Underneath nearly all of it sits the same dread, the fear of failure. And underneath that fear, three quieter worries are usually at work.
• Loss. What will I lose if this goes wrong?
• Process. Change is difficult - is it worth it?
• Outcome. What if it simply is not better?
This is not a flaw in your thinking. It is a pattern, often shaped by perfectionism, by a fear of shame, and by a sense that a mistake might unravel your identity rather than simply be a mistake.
“Failing is an action. It is not an identity.”
THE TOOL
Try running a fear through the Thought Model. It only takes a few minutes, and it shows you exactly where you have room to move.
THE ACTIONS
Fear is not a problem to solve. It is energy to work with. Here is how you can approach..
Start small. You do not need a five-year plan to take one small action. Pick the smallest possible step, take it, and let the success build momentum for the next one.
Focus on what you can control. You cannot control the outcome - really, you can’t. You can control your preparation, your effort, and your next action. Put your energy there.
Make a plan for failure.

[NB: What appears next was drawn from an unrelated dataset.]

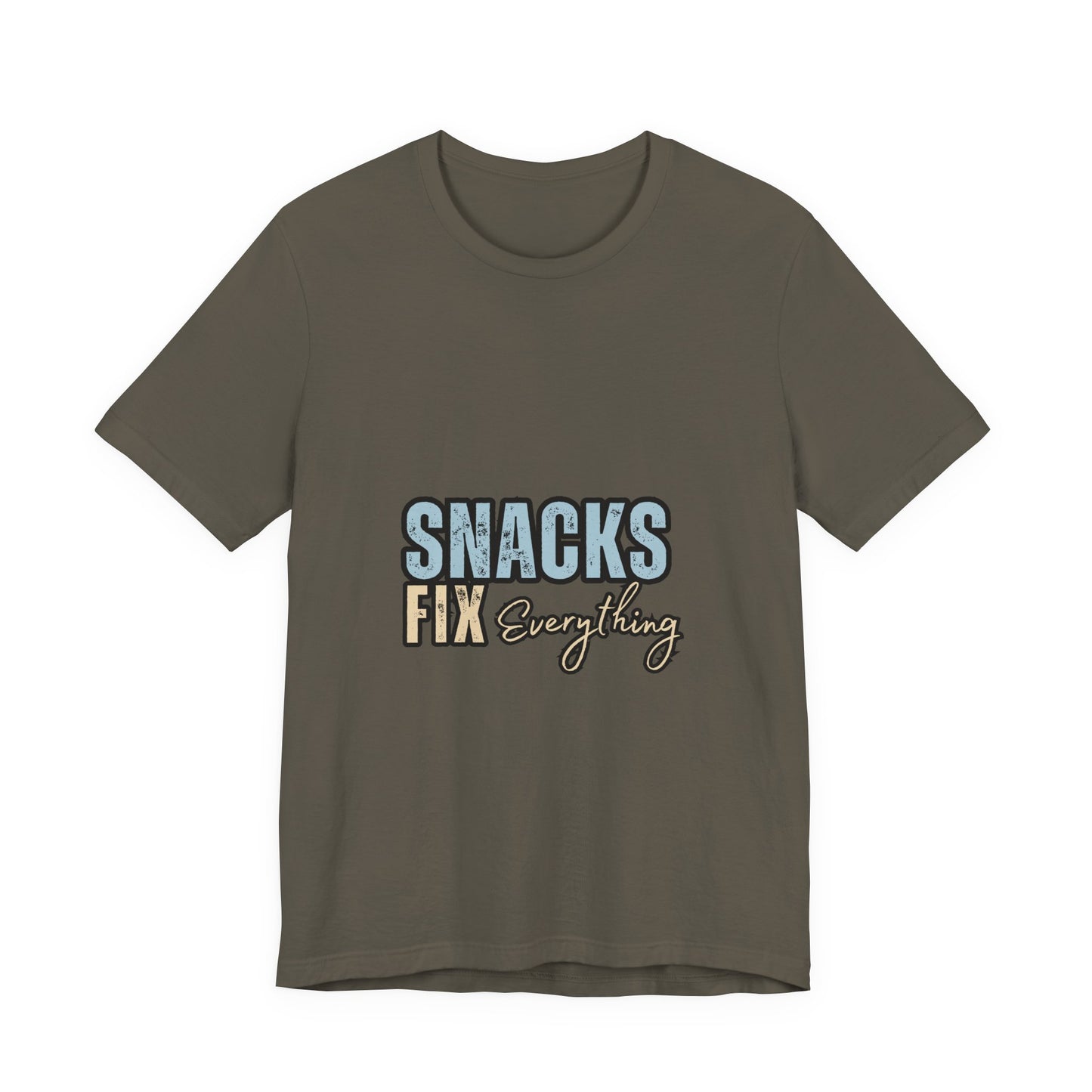 Funny Snack-Themed Unisex Tee, Ideal Gift for Food Lovers, Perfect for Casual Wear, Parties, or Movie Nights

Ask yourself, if this does not work out, what would I do next?Having an answer, even a rough one, quiets the fear more than avoiding the question ever will.
Reframe failure as information. Every misstep teaches you something the success would not have. Ask, what did I learn here? That question turns failure into forward motion instead of evidence against you.
Separate the outcome from your identity. Failing is an action. It is not who you are. The moment you stop needing every attempt to succeed in order to feel capable, fear loses most of its grip.
Celebrate the small win. Did not get the whole outcome you wanted? Notice what did move forward. That recognition is what keeps you going long enough to get where you are headed.
REFLECTION QUESTIONS
• What am I actually afraid of losing? How likely is that to happen?
• If I failed at this, what would I do next? Having a plan tends to quiet the fear.
• What is one small step I can take today, separate from the outcome?